The featured image above is one of the AP photos Pultizer has displayed in announcing award for three photographers in featured photography. The image by Dar Yasin shows women shouting slogans as Indian policemen fire teargas and live ammunition in the air to stop a protest march in Srinagar, Indian controlled Kashmir, Friday, Aug. 9, 2019.
Three Associated Press photographers have won the Pulitzer prize in the feature photography category for their “striking images of life in the contested territory of Kashmir as India revoked its independence, executed through a communications blackout.”
Channi Anand, Mukhtar Khan and Dar Yasin who took some of the images defining excruciating situation in the disputed shared the prize.
Since New Delhi deprived the UN-recognized disputed region of its decades-old autonomy on August 5, 2019, Kashmir has been a major international story with intense military-enforced lock down, communication apartheid and arbitrary arrests of thousands of Kashmiri men and children.

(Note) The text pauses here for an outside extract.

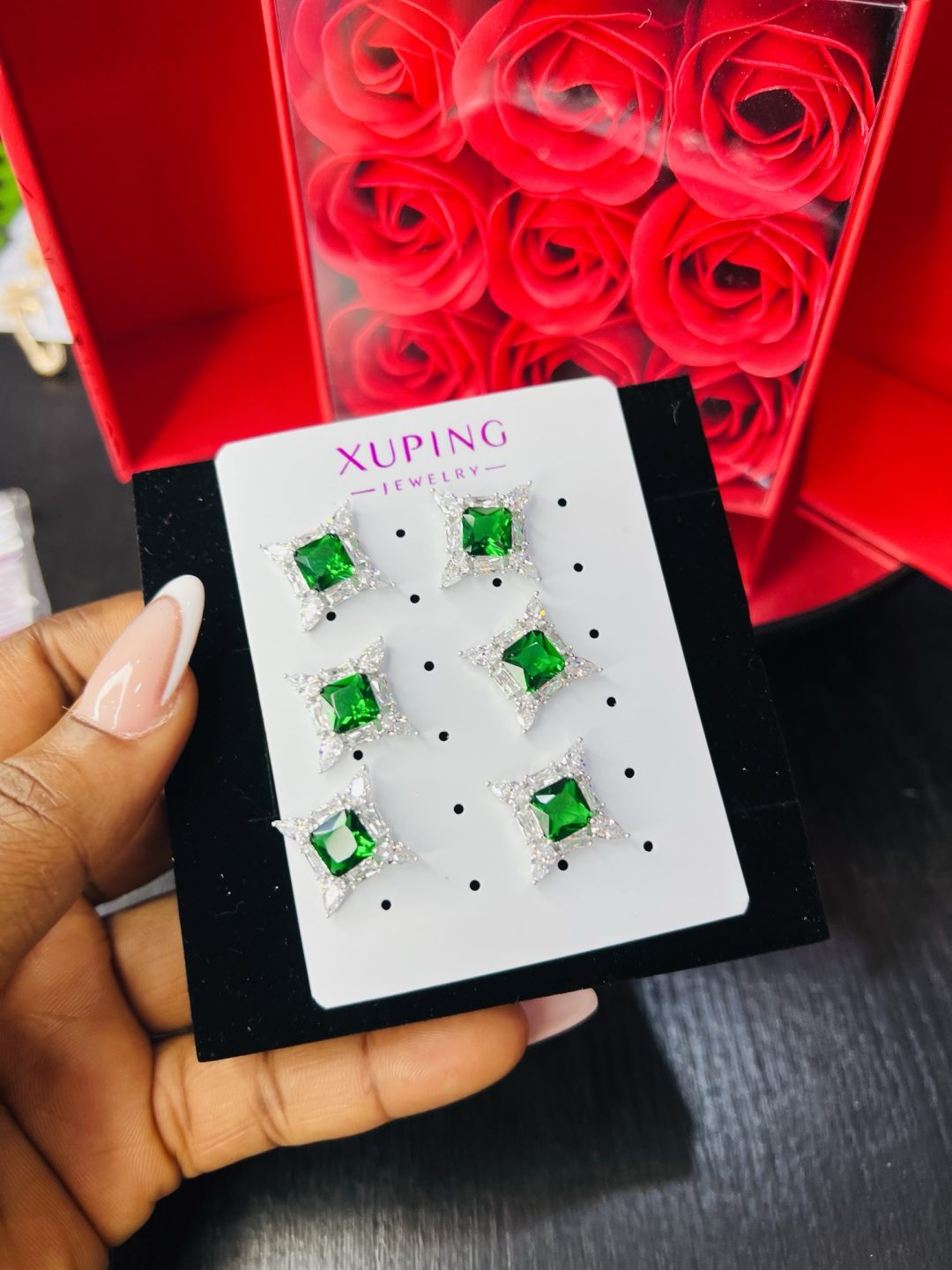 A pair of Xuping earrings 020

The United Nations, Amnesty International and US Commission for International Religious Freedom are among the major organizations that have faulted Prime Minister Narendra Modi’s radical BJP government for pursuing anti-Muslim in India and harsh policies in Kashmir in violation of fundamental human freedoms.
While announcing the prize, the Pulitzer also released a description of the works the three AP photographers have done professionally over the years.
Channi Anand is based in Jammu, a strategic location not far from the India-Pakistan border that experiences frequent cross border violence. Seeing people flee their homes has become routine but it still affects him each time he covers stories of displacement. He has followed political developments between the neighbors relentlessly for the Associated Press since 2000. He has also traveled to work on a story on Siachin Glacier, the highest battleground in the world. He lives with his wife and two children.
After more than two decades in the field, Channi now finds himself at home working on social issues, natural calamities, live encounters between security forces and terrorists or the extreme weather conditions that is harshest for the homeless.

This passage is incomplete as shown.